The frontend can use this to show/hide an "Update" button in the gateway project list.

### 6.4 Async dispatch

`update` is an async command (like `rebuild`, `htop`, `start`).
The command keyword is detected in `on_room_message` before `try_handle_command` is invoked.
The handler spawns a `tokio::spawn` task, posts incremental updates via the existing transport's `send_message` / `edit_message` API, and returns.

---

## 7. Open Questions

| # | Question | Notes |
|---|----------|-------|
| 1 | Should the Docker socket be mounted in the gateway container by default? | Security trade-off: socket access = container escape risk. Alternative: `docker exec` via a sidecar. |
| 2 | Should `update all` use a sequential or rolling strategy? | Sequential is safer; rolling is faster. Sequential chosen for v1. |
| 3 | How do we handle projects not managed by Docker (e.g. running on bare metal)? | Fallback to `rebuild` covers the gateway itself; project-specific fallback is out of scope for v1. |
| 4 | Should the confirmation challenge expire? | Yes — 60 s timeout, configurable in `bot.toml`. |
| 5 | Should update history be persisted beyond CRDT (i.e. across full gateway restarts)? | CRDT persists to SQLite, so yes, as long as the CRDT DB survives the restart. |
| 6 | Multi-gateway HA: which node triggers the actual Docker call? | The node that owns the Docker socket.

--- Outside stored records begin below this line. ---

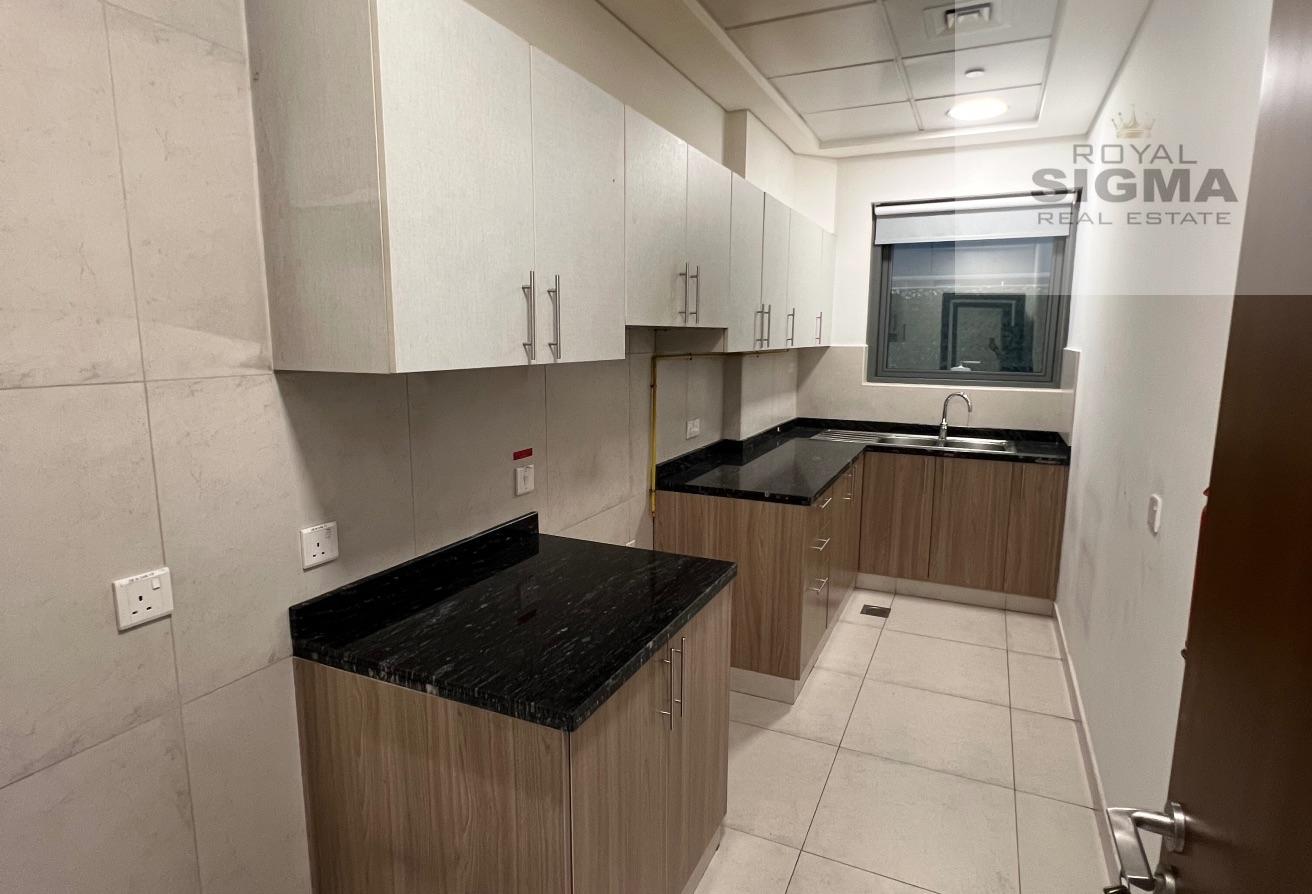 2 BR Apartment in Al Garhoud with Airport View photo 9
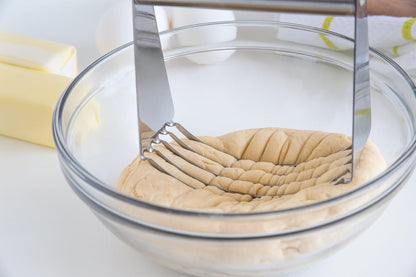 Fox Run 58544 Wire Pastry Blender 5" Steel and Wood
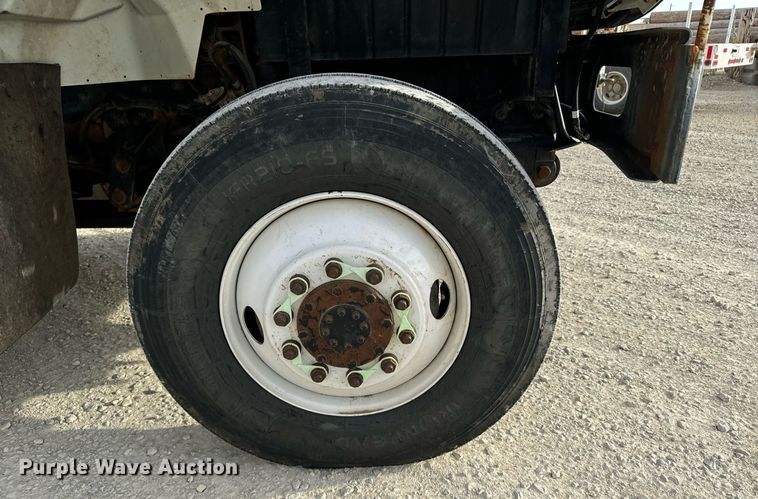 image for item DX3730 2007 International 7300 digger derrick truck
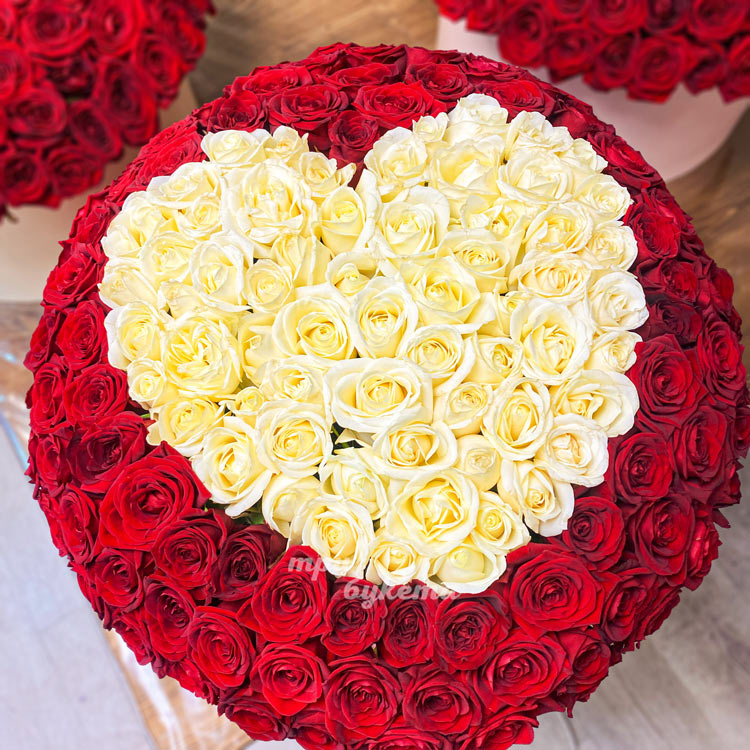 Шляпные коробки роз с признанием в любви (сердце из роз)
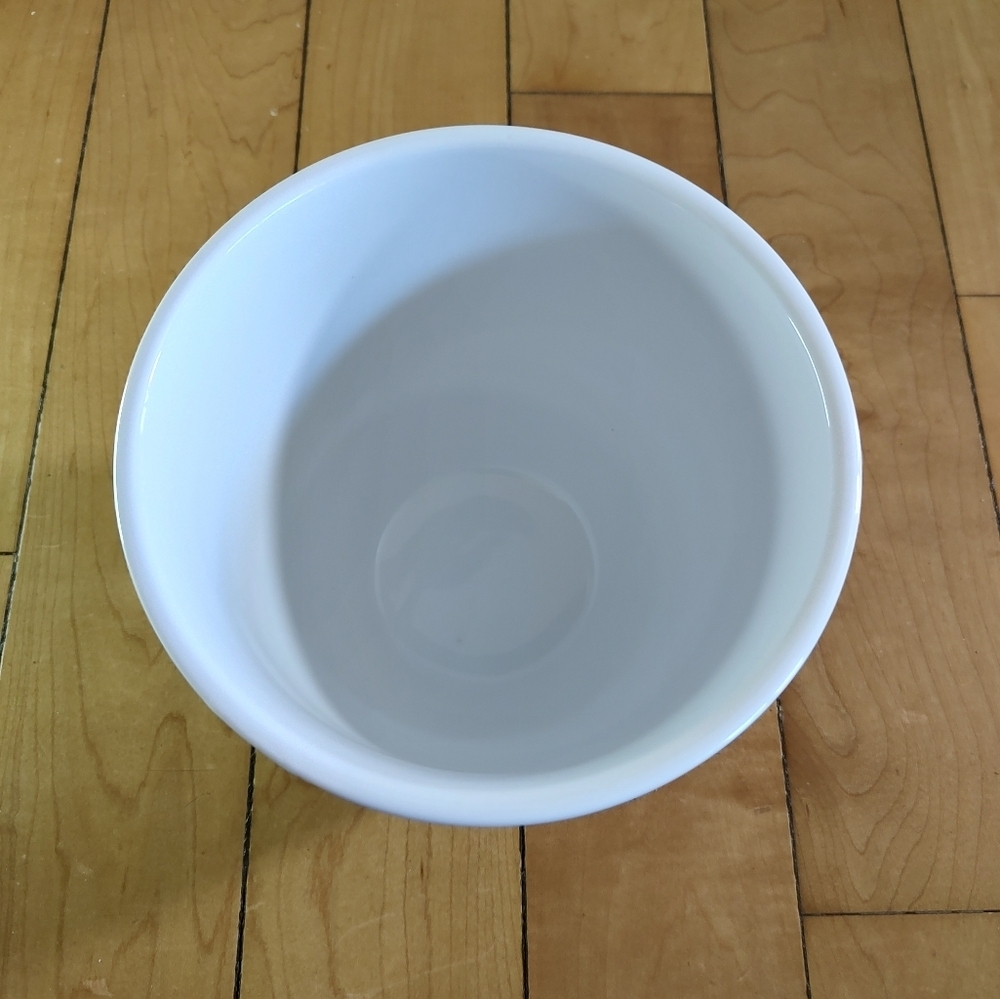Our Table Simply White Ramen Noodles Ceramic Bowl With Partitioned Lid - Picture 4 of 6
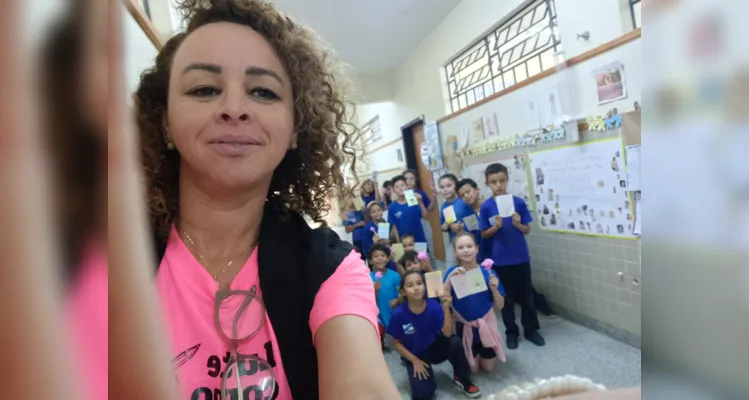 O conjunto de atividades trabalhou também a confecção de cartazes e cartões temáticos para as mães dos alunos e professoras da escola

CRDT `update_state` prevents double-triggering. |

---

## 8. Dependencies

| Story / Spike | Dependency type |
|--------------|----------------|
| Spike 679 (HTTP → CRDT bus) | Soft — `gateway_config` LWW collection needed for update state; can stub without it |
| Story 665 (Ed25519 auth) | Soft — operator token auth is a future hardening step; room+role guard suffices for v1 |
| `server/src/rebuild.rs` | Direct — reuse `rebuild_and_restart` for the non-Docker path |
| `server/src/gateway_relay.rs` | Indirect — update state changes should trigger relay events to connected frontends |